# Your instructions:
Print the lines in the listing below starting at the line with "15a 6 Usb Car" and ending at the line with "Twin Size Daybed", both included. Reproduce them exactly and omit every picture.
##### Excerpted data #####
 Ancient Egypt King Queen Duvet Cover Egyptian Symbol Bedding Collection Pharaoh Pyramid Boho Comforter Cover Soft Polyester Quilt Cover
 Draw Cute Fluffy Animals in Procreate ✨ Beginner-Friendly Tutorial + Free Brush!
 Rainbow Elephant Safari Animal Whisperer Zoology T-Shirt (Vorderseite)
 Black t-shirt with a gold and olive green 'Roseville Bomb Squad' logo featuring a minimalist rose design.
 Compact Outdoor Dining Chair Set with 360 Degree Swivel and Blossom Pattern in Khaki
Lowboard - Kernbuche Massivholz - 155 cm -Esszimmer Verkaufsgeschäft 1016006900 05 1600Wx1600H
#####
##### Excerpted data #####
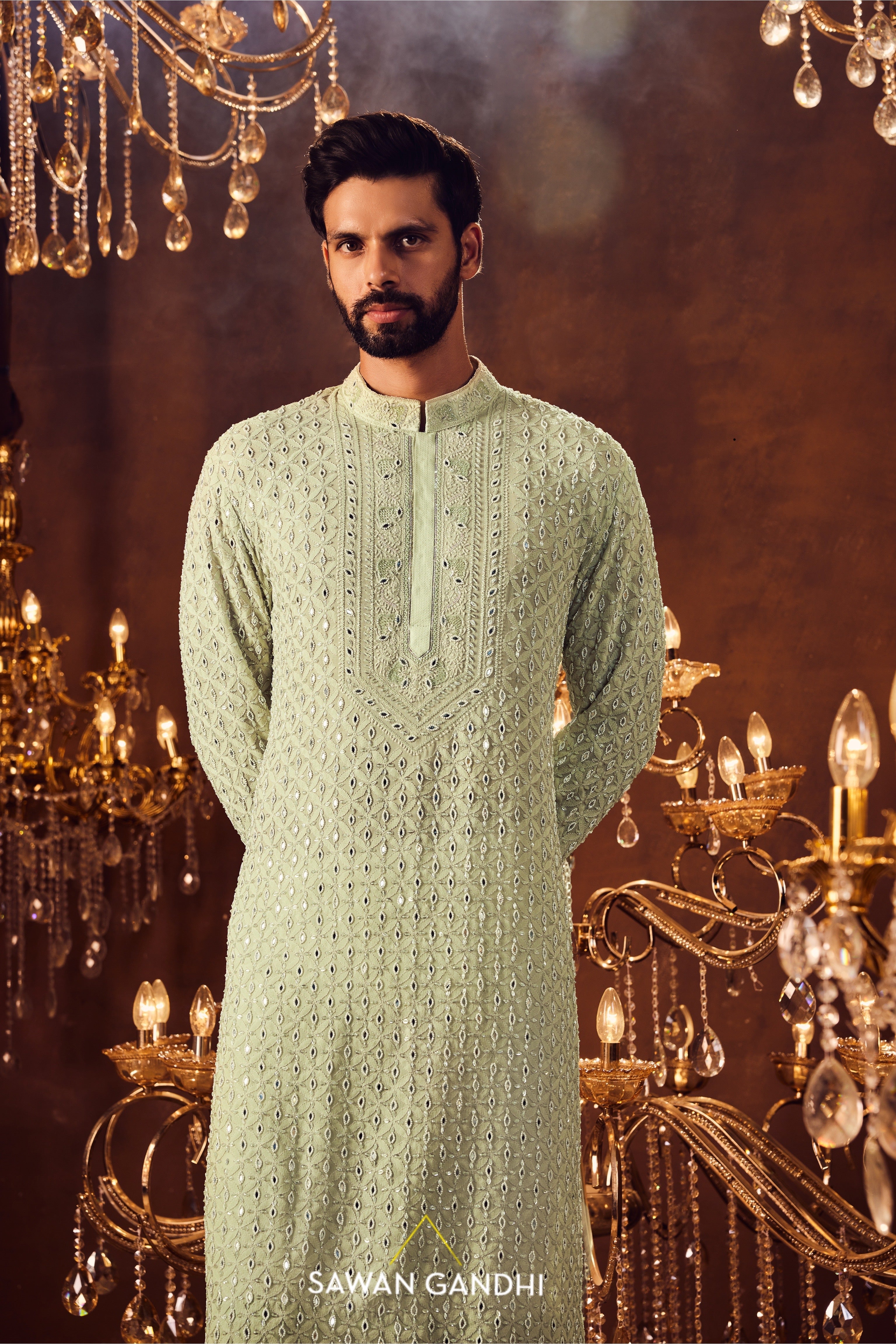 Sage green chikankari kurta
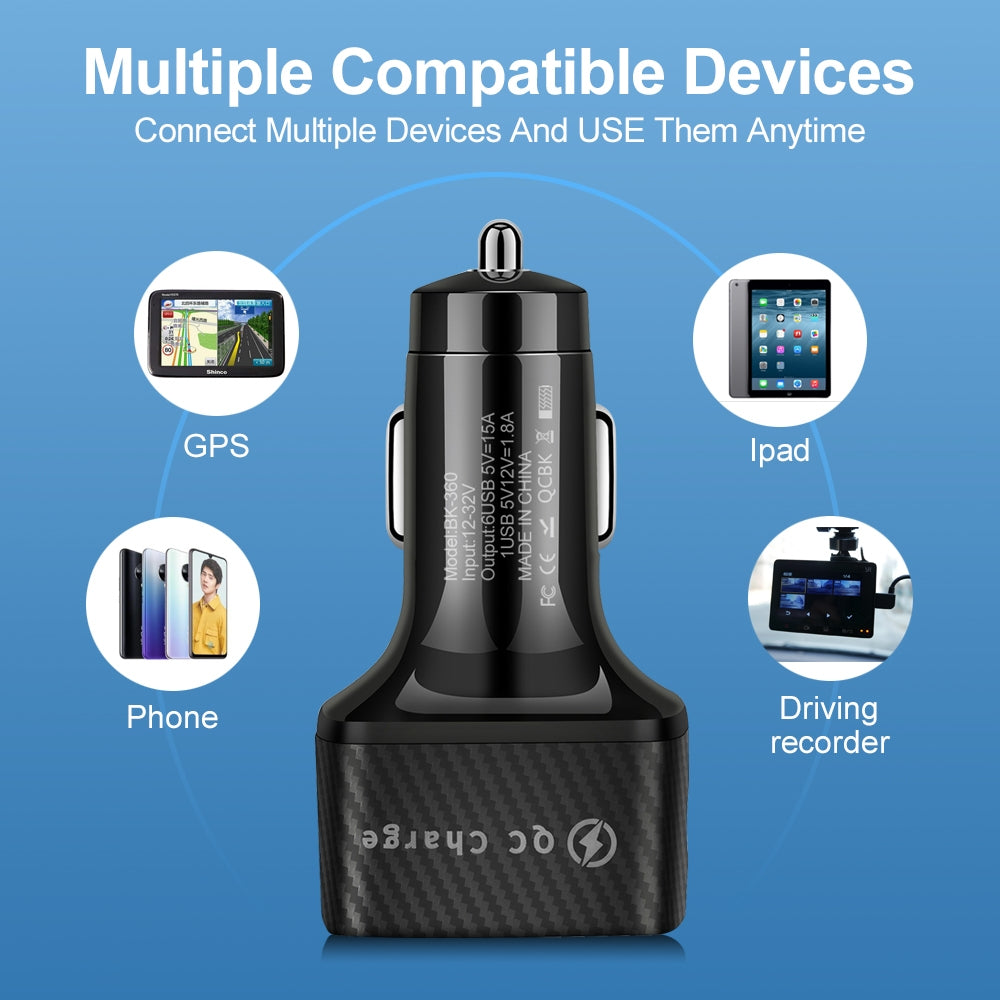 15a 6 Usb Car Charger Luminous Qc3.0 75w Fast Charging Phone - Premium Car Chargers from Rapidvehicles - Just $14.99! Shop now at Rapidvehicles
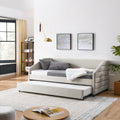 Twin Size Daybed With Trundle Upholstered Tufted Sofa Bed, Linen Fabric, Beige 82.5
#####
##### Excerpted data #####
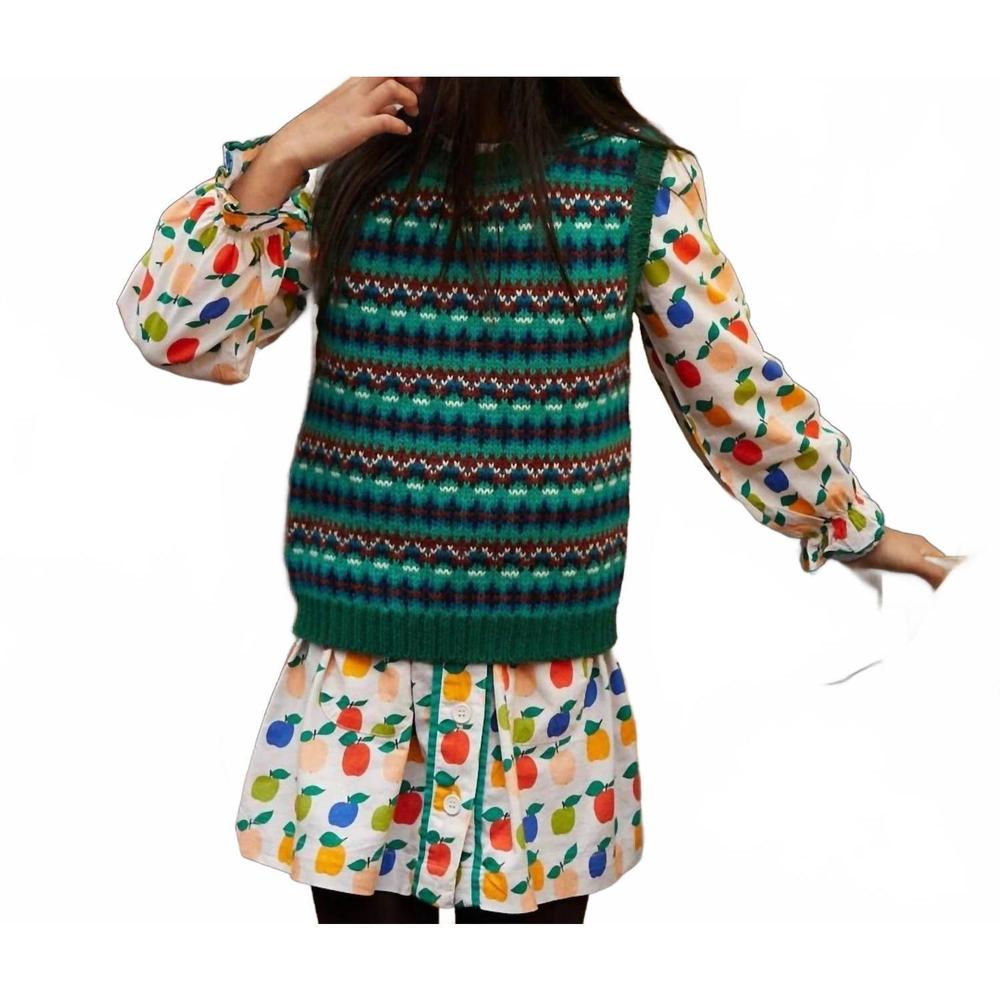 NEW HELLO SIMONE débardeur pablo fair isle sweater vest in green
#####
# Reply to the exercise:
 15a 6 Usb Car Charger Luminous Qc3.0 75w Fast Charging Phone - Premium Car Chargers from Rapidvehicles - Just $14.99! Shop now at Rapidvehicles
 Twin Size Daybed With Trundle Upholstered Tufted Sofa Bed, Linen Fabric, Beige 82.5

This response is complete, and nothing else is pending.